◆ WHAT YOU SHOULD DO ◆
Reproduce the lines of the material exactly, excluding every image.

◆ INFORMATION SUPPLIED ◆
----

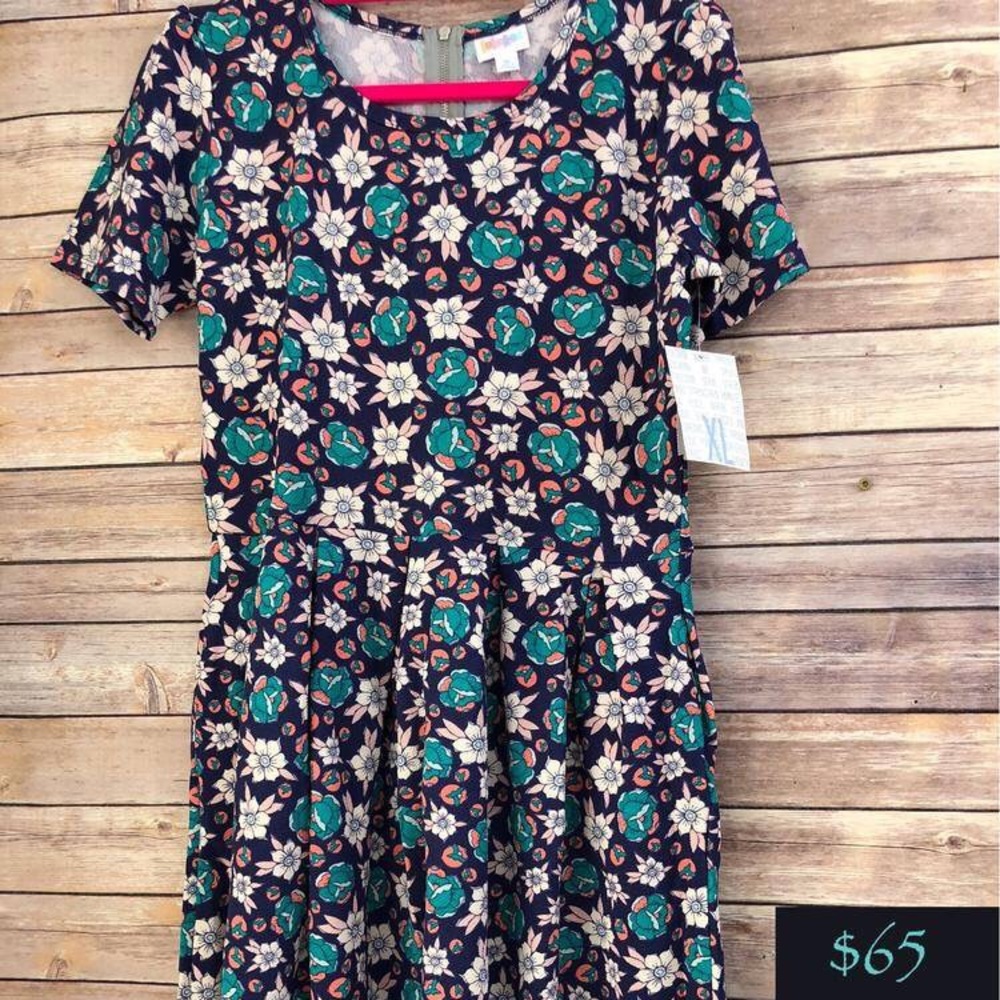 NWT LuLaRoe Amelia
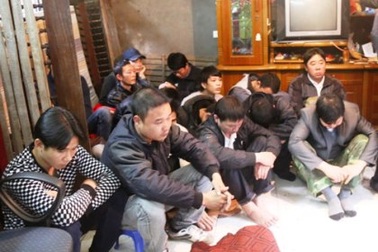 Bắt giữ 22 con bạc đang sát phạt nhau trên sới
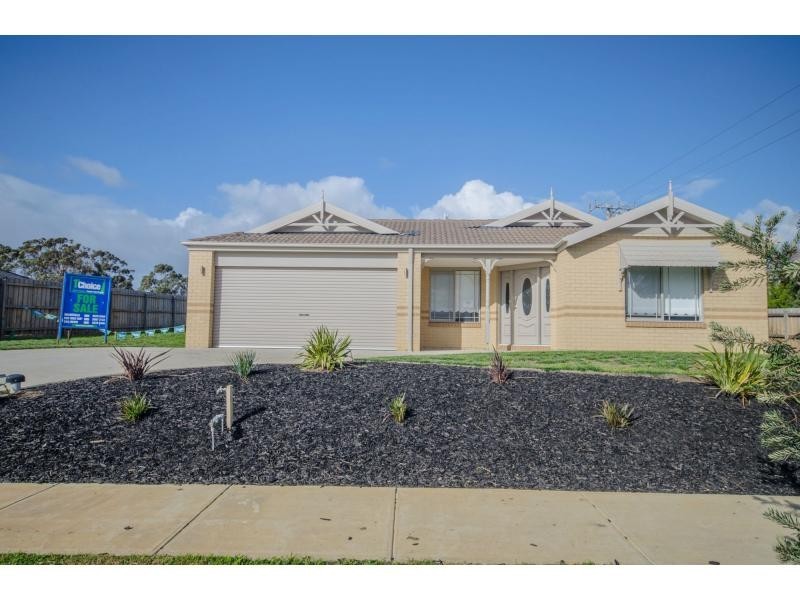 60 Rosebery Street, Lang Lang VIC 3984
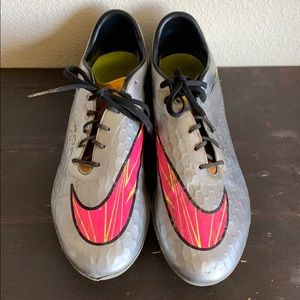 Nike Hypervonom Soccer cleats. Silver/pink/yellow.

----

◆ ANSWER TO THE PROBLEM ◆
 NWT LuLaRoe Amelia
 Bắt giữ 22 con bạc đang sát phạt nhau trên sới
 60 Rosebery Street, Lang Lang VIC 3984
 Nike Hypervonom Soccer cleats. Silver/pink/yellow.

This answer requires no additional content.